‘Groundbreaking’ sewage-powered energy facility in Eastbourne to be explored
Council leaders have backed plans to look at whether sewage could be used to heat an Eastbourne swimming pool.
At a meeting on Wednesday (September 11), members of Eastbourne Borough Council’s Lib Dem cabinet agreed to release up to £115,000 to look at whether a sewage-powered energy facility could be built at the Sovereign Centre.
According to council papers, such a facility could see energy extracted from the town’s sewer system to heat the seafront leisure centre, reduce the town’s overall carbon footprint and – potentially – bring in funds to council.
The plans were supported by Cllr Jonathan Dow, the council’s lead member for place services. He said: “With the council’s focus on sustainability and carbon neutrality by 2030, it is imperative EBC seeks every opportunity to support this aim by delivering the most efficient buildings as possible.
“This kind of opportunity not only supports our green initiatives but our commercial ones too as it is expected we will generate more energy than we consume and can sell back the surplus.
“I would rather we view this as an investment as opposed to a cost, especially considering the carbon neutrality move within the council.
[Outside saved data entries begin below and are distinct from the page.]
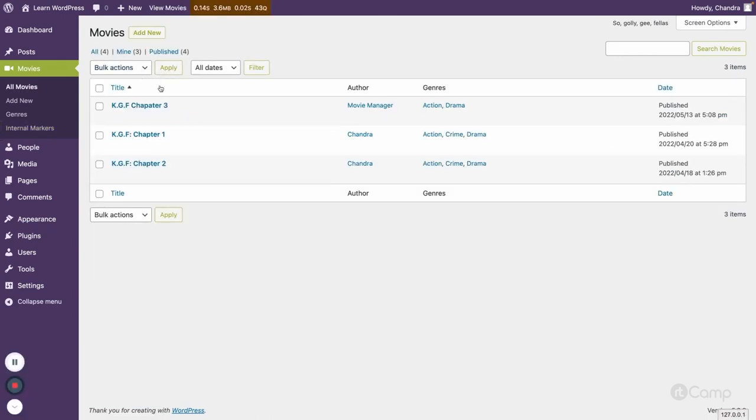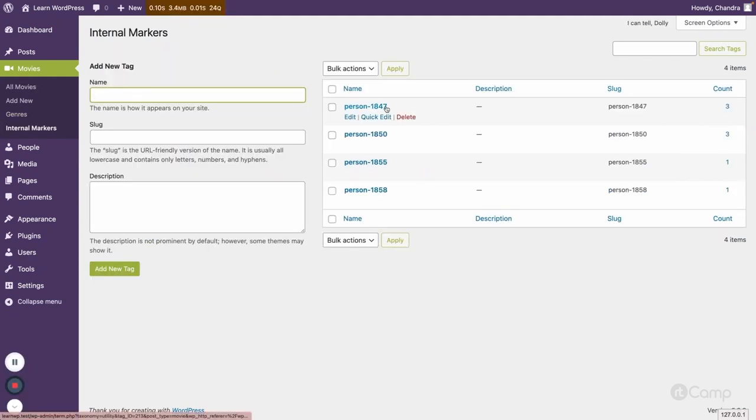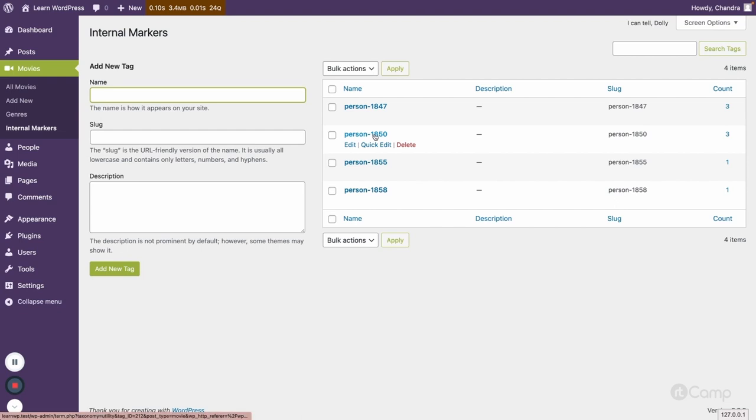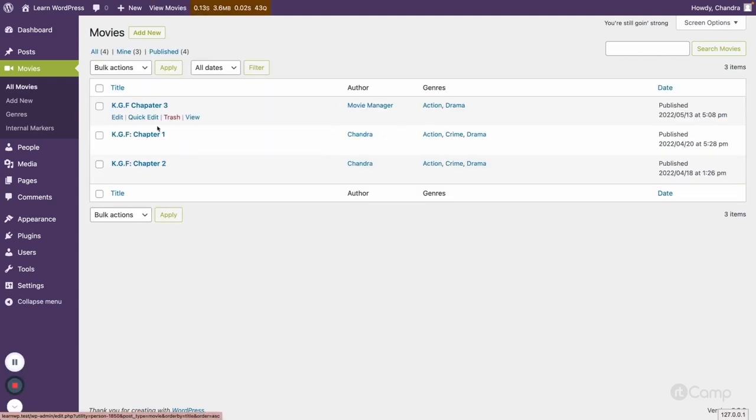If you go then you can see the KGF Chapter 3 as well for this 1847 post ID is the actor and then 1854 the Sanjay director. If you go here then you can also see the KGF Chapter 3 right.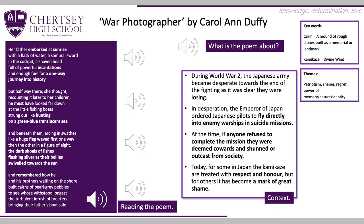Just before we start stanza three, I want to draw your attention to the use of sibilance in this stanza. For me it's doing a really important job, emphasising the power that nature has on the pilot: 'Beneath them, arching in swathes like a huge flag waved first one way then the other in a figure of eight, the dark shoals of fishes flashing silver as their bellies swivelled towards the sun.' That sibilant sound reflects the smooth movement of the fish through water.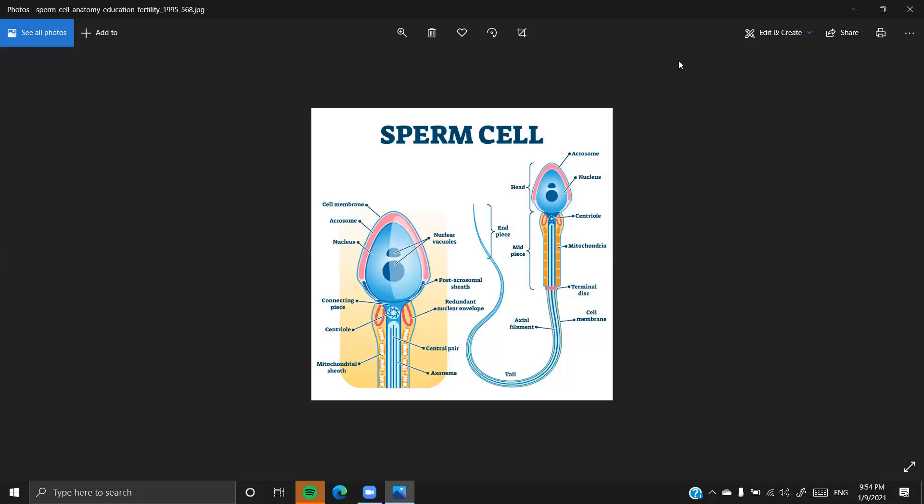Hello all, welcome back to the BioRox channel. Today we'll be learning about the human sperm structure.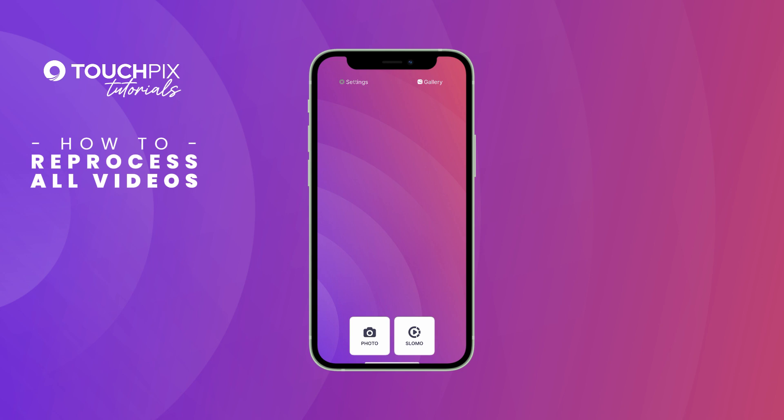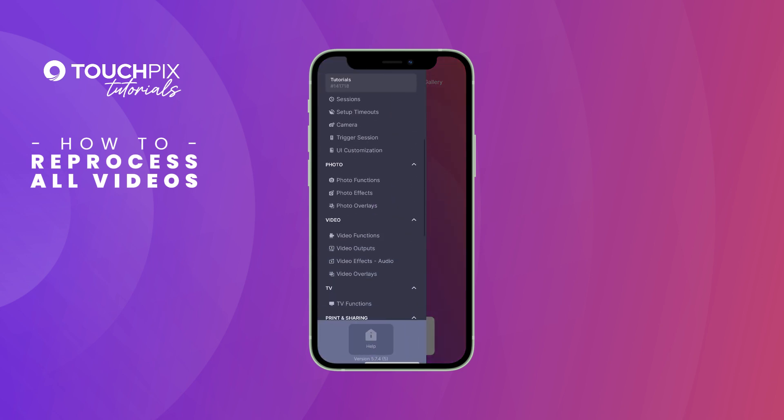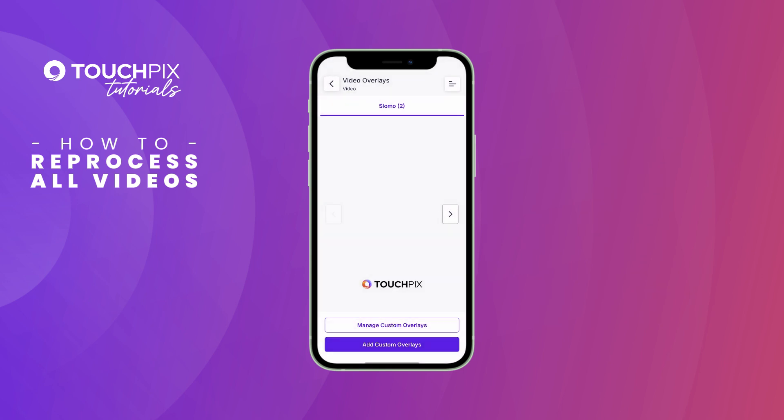Confirm that it is added by accessing the settings, then video overlays. Look for the new design to confirm that it is shown.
This is Eastbourne leading by example in my opinion.”
While at an early stage, the design of the energy centre is expected to redirect heat from the town’s sewage pipe to the Sovereign Centre, reducing its heating costs and carbon footprint.
If it proves viable, the council believes the energy centre could be developed to provide energy for other types of development and even see the authority get cash back under an incentive scheme.
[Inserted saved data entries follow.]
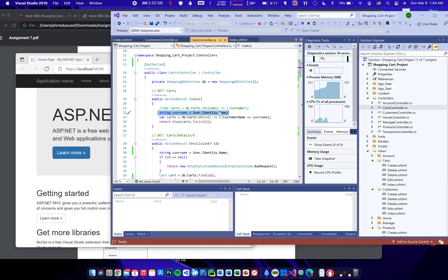The Index action is already secured from the last video — it only shows the carts of the logged-in customer. So now everything is secure: Details, Delete, Create, and Index are all protected. We can move on to the next step.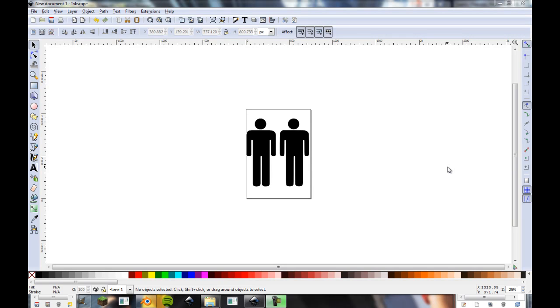All right. Hey guys, and welcome to another Blender tutorial. Well, sort of. So today I'm going to be starting off this three-part tutorial.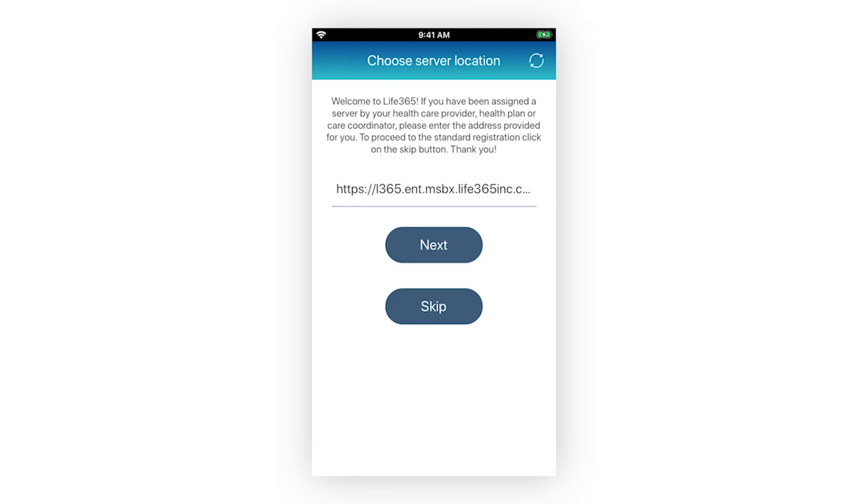If you are not associated with a healthcare organization, you are not required to enter a server address. Proceed with Life365's standard server address by selecting Skip.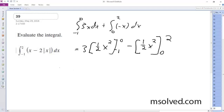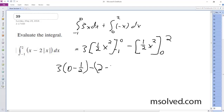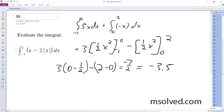And then finally what this evaluates to is 3, quantity 0 minus 1 half minus 2 minus 0, is equal to 7 halves, which ultimately is equal to negative 3.5. That's it.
For council leader David Tutt, however, the focus was on sustainability rather than council revenue.
He said: “This is not about income generation this is about the carbon neutral agenda [and] it is about doing things a different way.
“The agenda tonight demonstrated the groundbreaking approach Eastbourne Borough Council has taken in terms of tackling climate change in a structured positive way.
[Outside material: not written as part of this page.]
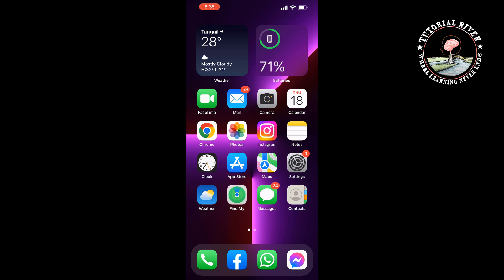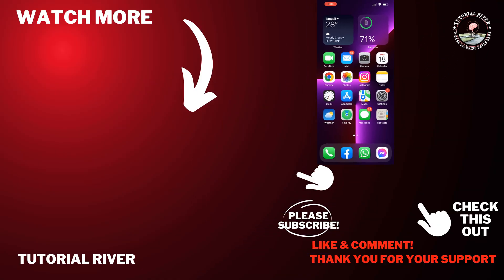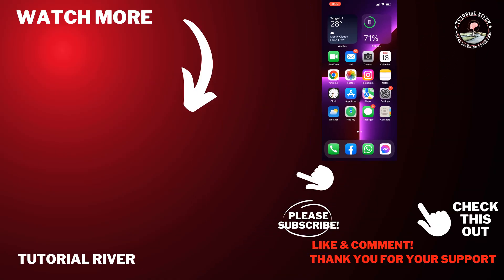If you find this video helpful, make sure to subscribe to Tutorial River. See you in the next video.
“This new idea – and it is a new idea – is groundbreaking. Is it going to make money? I don’t know, but that isn’t why we are doing it.
“We are saying this is right for the environment [and] right for the town.”
The £115,000 budget agreed by cabinet is to fund feasibility and design work on the proposed energy centre, which is expected to be considered by cabinet in February as it decides whether to continue with the scheme.
While a stand-alone facility, its construction would also be expected to affect the final design proposed for the new Sovereign Centre building so that it could take full advantage of the energy centre.
It is unclear what effect this will have on the overall timetable for the replacement Sovereign Centre.
The original timetable for the project (as approved by the council’s cabinet in July last year) predicted construction work would have begun in June this year, but no planning application has come forward so far.
Despite these timetable changes, council officers told councillors at a scrutiny committee last week the authority ‘remains committed’ to building the new centre and was carrying out due diligence on the project.